Microarrays Fit the Bill
The key toxicogenomicist’s tool is the microarray, which allows scientists to simultaneously assess the expression of thousands of genes and produce a profile, or signature, for each toxin. Like traditional biomarkers, such as blood enzyme levels, microarray profiles can flag substances as hazardous, but this new biomarker provides greater precision in identifying hazards. Each chip’s probe set is manufacturer-dependent (see sidebar), but they typically include genes implicated in DNA replication and repair and apoptosis; transcription factors; signalling molecules; and genes known to respond to various cellular insults.

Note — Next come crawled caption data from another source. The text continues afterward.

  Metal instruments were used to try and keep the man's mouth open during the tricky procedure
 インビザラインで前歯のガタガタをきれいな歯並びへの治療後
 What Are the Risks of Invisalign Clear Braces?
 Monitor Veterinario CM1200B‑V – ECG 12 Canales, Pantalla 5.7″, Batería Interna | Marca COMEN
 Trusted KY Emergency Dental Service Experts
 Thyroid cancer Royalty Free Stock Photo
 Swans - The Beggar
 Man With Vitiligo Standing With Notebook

Toxicologists use these microarrays in several ways. Instead of groping in the dark for a few genes that might be involved in the toxicant response, scientists can use toxicogenomics to get a complete picture of all affected genes and then focus on the promising candidates. This knowledge provides clues as to why animals develop cancer, liver damage, heart problems, or birth defects in response to a toxin.

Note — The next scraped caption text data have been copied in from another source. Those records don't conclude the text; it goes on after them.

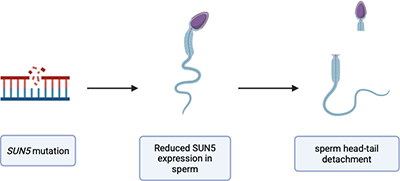 Mutation in SUN5 gene linked to acephalic spermatozoa syndrome and male infertility insights.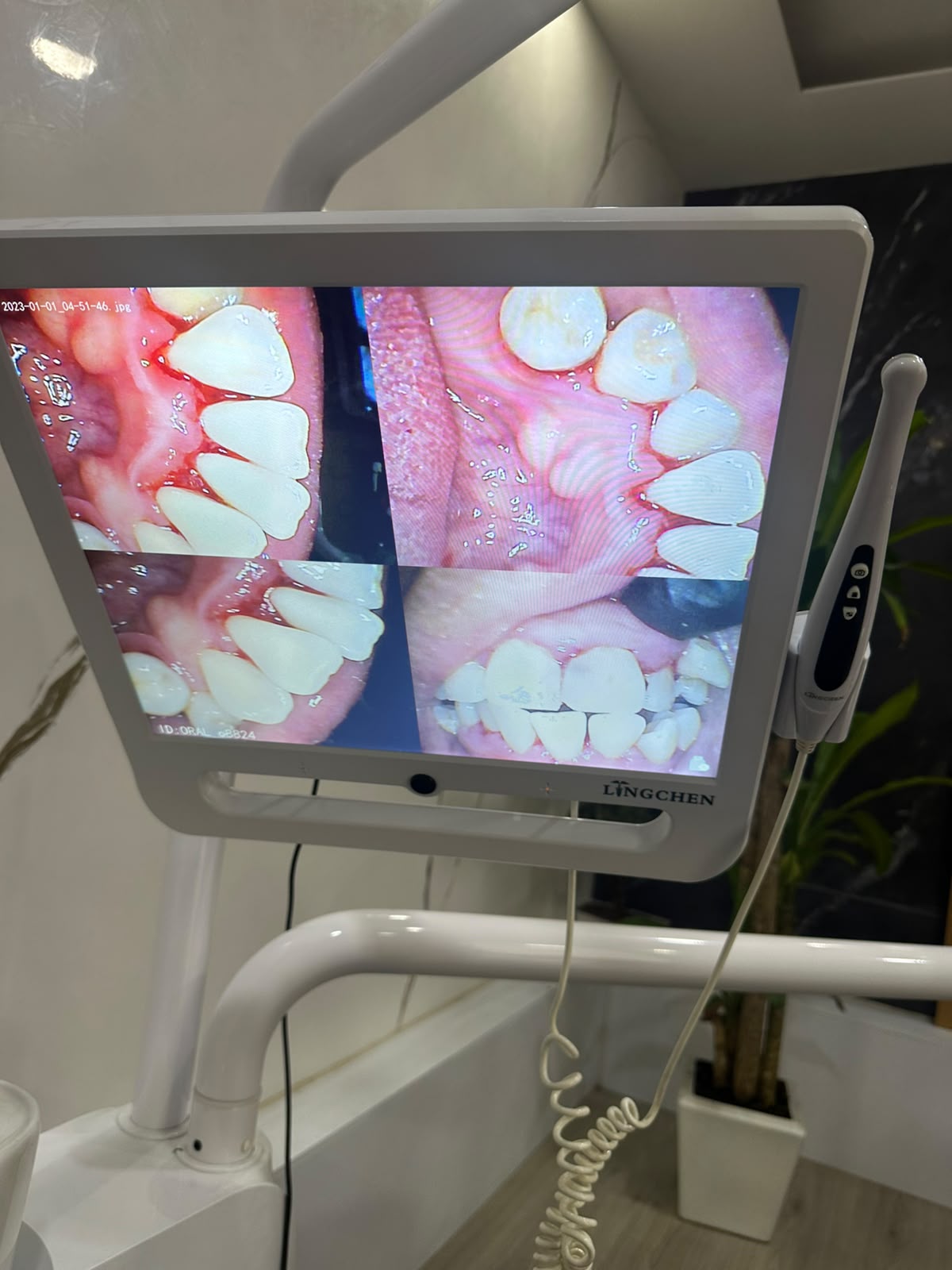 Consultorio real de Innovadent donde se realizan limpiezas dentales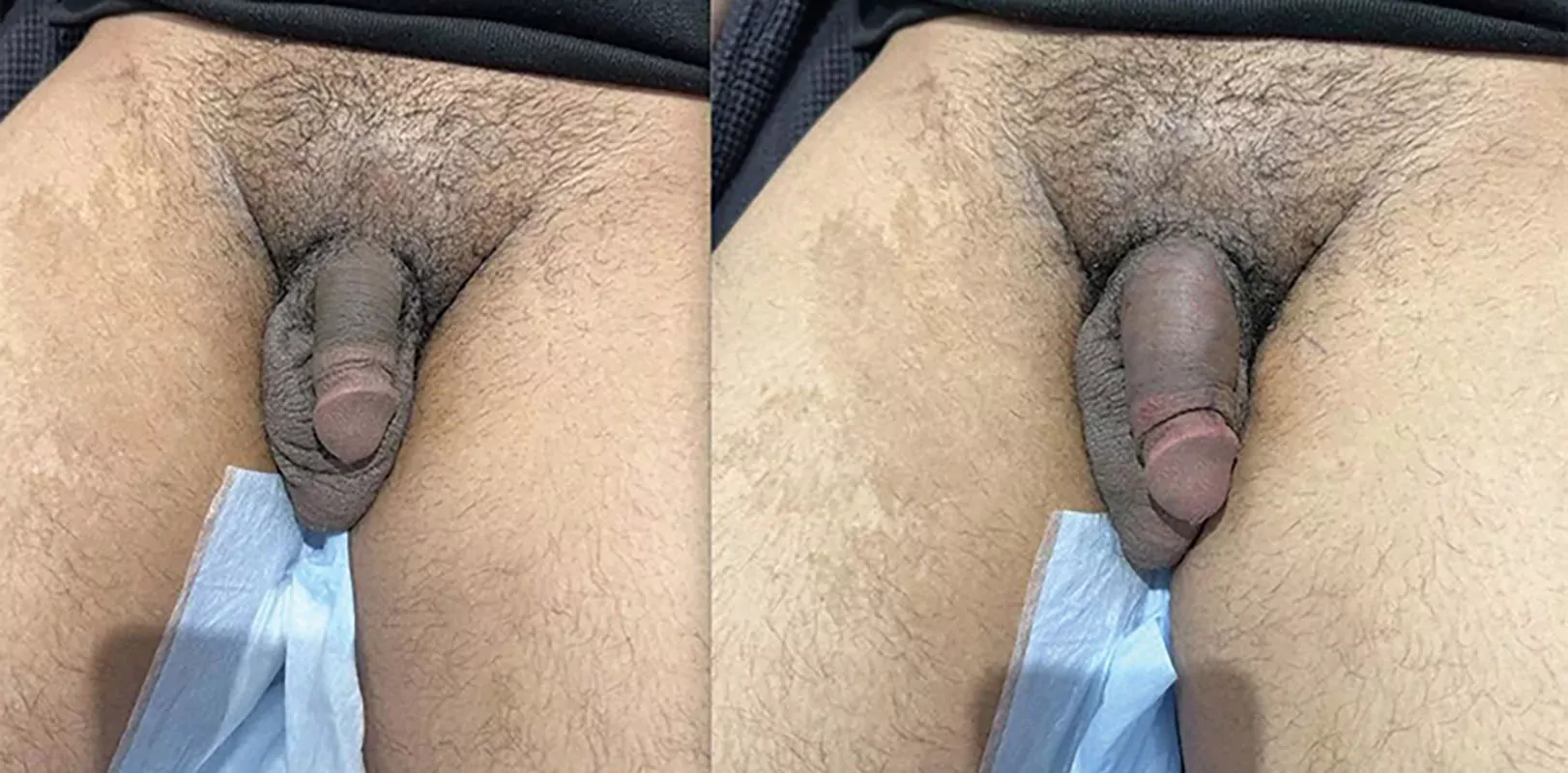 Penis Filler Injections Before And After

Researchers can also screen an environment for toxins by assessing the gene expression characteristics of organisms living in that environment. They can measure the gene expression profiles of clinical trial participants to determine a drug’s toxicity, its effects on the body, and the effects of different dosages.
These applications could change the way pharmaceutical companies operate. Drug discovery methods such as combinatorial chemistry have greatly increased the number of drug leads, but taking one compound through the development process often costs millions of dollars. If, during clinical trials, that compound is found to be toxic, the money would be wasted. Pharmaceutical companies can reduce R&D costs by running the compound through microarray testing early in the process.
A Complement, not a Replacement
The NIEHS established the National Center for Toxicogenomics (NCT) in September 2000. According to the Center’s mission statement, its goal is “to use the methodologies and information of genomics science to significantly improve our understanding of basic biological responses to environmental stressors and toxicants.”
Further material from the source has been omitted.